То, что вызывало прилив радостного возбуждения в тесной машине, в его ласкающих объятиях, то, что было счастьем и наполнением в её пригашенном кристалле, сейчас не вызывало ровным счётом ничего. Ни ответного влечения, ни неприятия. Было ли это от яркого и в то же время мертвенного света отсека, но она отстранённо подумала обо всём происходящем как о непристойности и животной неприкрытой сути всего того, что и есть любовь полов.

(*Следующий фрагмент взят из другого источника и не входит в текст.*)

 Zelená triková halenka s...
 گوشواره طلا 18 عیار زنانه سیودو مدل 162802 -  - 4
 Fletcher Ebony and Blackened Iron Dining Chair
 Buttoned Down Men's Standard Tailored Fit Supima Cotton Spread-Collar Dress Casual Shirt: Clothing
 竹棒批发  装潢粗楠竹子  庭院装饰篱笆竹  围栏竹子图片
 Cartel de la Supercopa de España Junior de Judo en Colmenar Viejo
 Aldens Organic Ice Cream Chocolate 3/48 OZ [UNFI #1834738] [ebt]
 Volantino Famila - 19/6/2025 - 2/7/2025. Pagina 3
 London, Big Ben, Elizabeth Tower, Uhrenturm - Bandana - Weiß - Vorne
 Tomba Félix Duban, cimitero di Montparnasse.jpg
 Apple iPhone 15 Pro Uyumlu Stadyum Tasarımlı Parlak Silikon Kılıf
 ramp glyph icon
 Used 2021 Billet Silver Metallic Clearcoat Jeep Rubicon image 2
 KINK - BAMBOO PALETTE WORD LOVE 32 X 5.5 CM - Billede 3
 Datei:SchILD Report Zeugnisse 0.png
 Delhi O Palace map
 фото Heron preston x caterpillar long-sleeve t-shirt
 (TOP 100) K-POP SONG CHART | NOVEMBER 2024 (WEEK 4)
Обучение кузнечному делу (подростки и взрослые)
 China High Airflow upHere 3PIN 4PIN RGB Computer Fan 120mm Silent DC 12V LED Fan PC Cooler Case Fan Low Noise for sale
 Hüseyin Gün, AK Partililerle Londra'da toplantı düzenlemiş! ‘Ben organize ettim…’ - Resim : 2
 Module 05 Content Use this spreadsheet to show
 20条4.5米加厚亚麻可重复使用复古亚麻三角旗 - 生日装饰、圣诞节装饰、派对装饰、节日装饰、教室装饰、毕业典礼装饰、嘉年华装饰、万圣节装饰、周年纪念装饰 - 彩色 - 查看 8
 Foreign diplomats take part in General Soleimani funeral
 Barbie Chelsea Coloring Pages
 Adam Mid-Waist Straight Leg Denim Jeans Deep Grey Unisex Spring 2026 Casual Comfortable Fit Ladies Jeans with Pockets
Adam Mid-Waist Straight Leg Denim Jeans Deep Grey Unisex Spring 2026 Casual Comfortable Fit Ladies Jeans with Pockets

Как же прежде могла она видеть в устремлении к себе того, пугающе огромного, чему умела давать только ласкающие обозначения, неуместные сейчас, нечто красивое и желанное? Не было никакой любви к тому, что и было к ней прижато и пульсировало где-то у самой её груди, сливаясь с пульсацией, словно падающего вниз, сердца.
— Что с тобой? — прозвучал его тревожный голос у самого её уха. Он прижал губы к её губам и резко отпрянул, — Что это… что за дрянь ты пила? Мать Воду?! Но откуда …
— Ласкира дала, — пролепетала она, отворачиваясь. Это существо и тот человек из машины и последующих снов — не снов, они были разными.
— Пусти, я уйду, я лучше забуду тебя! — Нэя упиралась руками в его грудь, не допуская опасного приближения. — Мне уже не нужна твоя пирамида из хрусталя! — но сзади была странная постель, и она села.
— Что случилось, лягушонок? — спросил он, вглядываясь в её расширяющиеся зрачки. Синие глаза стали почти чёрными, — Ты благоухаешь, как надводный цветок… у меня даже голова туманится…
— Сам же хотел, чтобы я и стала надводным цветком…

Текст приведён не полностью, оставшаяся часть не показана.